[Stored items]
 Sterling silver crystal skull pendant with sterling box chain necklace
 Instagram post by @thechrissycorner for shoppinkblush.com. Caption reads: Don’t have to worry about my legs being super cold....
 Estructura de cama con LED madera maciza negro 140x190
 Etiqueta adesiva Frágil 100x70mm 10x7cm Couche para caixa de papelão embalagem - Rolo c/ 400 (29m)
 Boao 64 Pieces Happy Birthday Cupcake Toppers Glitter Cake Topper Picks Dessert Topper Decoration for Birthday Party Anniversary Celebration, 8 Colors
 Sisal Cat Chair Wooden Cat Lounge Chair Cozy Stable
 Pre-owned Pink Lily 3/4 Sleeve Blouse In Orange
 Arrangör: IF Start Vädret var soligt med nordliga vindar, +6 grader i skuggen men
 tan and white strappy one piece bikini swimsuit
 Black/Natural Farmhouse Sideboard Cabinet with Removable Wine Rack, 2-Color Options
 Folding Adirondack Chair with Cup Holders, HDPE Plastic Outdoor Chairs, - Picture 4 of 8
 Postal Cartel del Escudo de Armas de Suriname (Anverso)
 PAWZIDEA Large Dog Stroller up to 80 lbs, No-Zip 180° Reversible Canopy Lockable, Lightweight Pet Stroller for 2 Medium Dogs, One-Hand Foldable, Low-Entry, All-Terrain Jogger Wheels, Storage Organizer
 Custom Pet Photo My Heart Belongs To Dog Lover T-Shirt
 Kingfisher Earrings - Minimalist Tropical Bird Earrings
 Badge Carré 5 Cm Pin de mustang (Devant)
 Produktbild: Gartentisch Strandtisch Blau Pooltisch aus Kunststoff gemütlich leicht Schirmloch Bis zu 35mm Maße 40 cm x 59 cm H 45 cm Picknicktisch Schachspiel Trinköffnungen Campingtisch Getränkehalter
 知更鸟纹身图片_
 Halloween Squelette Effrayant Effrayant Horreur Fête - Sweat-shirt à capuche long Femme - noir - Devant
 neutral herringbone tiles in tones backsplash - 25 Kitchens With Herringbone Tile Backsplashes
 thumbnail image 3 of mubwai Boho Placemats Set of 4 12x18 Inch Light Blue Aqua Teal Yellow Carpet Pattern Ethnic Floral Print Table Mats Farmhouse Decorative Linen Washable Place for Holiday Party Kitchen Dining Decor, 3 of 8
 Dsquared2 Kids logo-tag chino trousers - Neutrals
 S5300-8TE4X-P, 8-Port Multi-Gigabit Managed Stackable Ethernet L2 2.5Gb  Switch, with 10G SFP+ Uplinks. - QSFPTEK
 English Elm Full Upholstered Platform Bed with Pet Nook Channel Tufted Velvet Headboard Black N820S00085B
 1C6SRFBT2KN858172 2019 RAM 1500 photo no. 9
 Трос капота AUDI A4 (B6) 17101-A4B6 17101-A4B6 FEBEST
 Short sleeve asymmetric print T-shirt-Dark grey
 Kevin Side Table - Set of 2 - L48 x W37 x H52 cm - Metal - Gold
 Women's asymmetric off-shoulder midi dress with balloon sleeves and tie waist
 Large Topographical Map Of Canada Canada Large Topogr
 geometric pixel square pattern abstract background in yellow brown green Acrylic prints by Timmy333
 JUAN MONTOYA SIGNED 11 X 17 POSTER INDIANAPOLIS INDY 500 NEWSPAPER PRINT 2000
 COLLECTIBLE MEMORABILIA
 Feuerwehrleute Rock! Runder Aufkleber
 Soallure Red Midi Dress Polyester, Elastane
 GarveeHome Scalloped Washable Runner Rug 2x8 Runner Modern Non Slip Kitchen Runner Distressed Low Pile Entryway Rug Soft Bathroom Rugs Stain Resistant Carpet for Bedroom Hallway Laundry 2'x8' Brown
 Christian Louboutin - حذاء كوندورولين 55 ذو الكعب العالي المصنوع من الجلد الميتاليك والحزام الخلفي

▶ [EXERCISE PROMPT]:
Lines from the start of the records through the one containing "Badge Carré 5 Cm Pin de mustang (Devant)" are what should be retyped, exactly and in full, both ends included.

▶ [ANSWER TO THIS EXERCISE]:
 Sterling silver crystal skull pendant with sterling box chain necklace
 Instagram post by @thechrissycorner for shoppinkblush.com. Caption reads: Don’t have to worry about my legs being super cold....
 Estructura de cama con LED madera maciza negro 140x190
 Etiqueta adesiva Frágil 100x70mm 10x7cm Couche para caixa de papelão embalagem - Rolo c/ 400 (29m)
 Boao 64 Pieces Happy Birthday Cupcake Toppers Glitter Cake Topper Picks Dessert Topper Decoration for Birthday Party Anniversary Celebration, 8 Colors
 Sisal Cat Chair Wooden Cat Lounge Chair Cozy Stable
 Pre-owned Pink Lily 3/4 Sleeve Blouse In Orange
 Arrangör: IF Start Vädret var soligt med nordliga vindar, +6 grader i skuggen men
 tan and white strappy one piece bikini swimsuit
 Black/Natural Farmhouse Sideboard Cabinet with Removable Wine Rack, 2-Color Options
 Folding Adirondack Chair with Cup Holders, HDPE Plastic Outdoor Chairs, - Picture 4 of 8
 Postal Cartel del Escudo de Armas de Suriname (Anverso)
 PAWZIDEA Large Dog Stroller up to 80 lbs, No-Zip 180° Reversible Canopy Lockable, Lightweight Pet Stroller for 2 Medium Dogs, One-Hand Foldable, Low-Entry, All-Terrain Jogger Wheels, Storage Organizer
 Custom Pet Photo My Heart Belongs To Dog Lover T-Shirt
 Kingfisher Earrings - Minimalist Tropical Bird Earrings
 Badge Carré 5 Cm Pin de mustang (Devant)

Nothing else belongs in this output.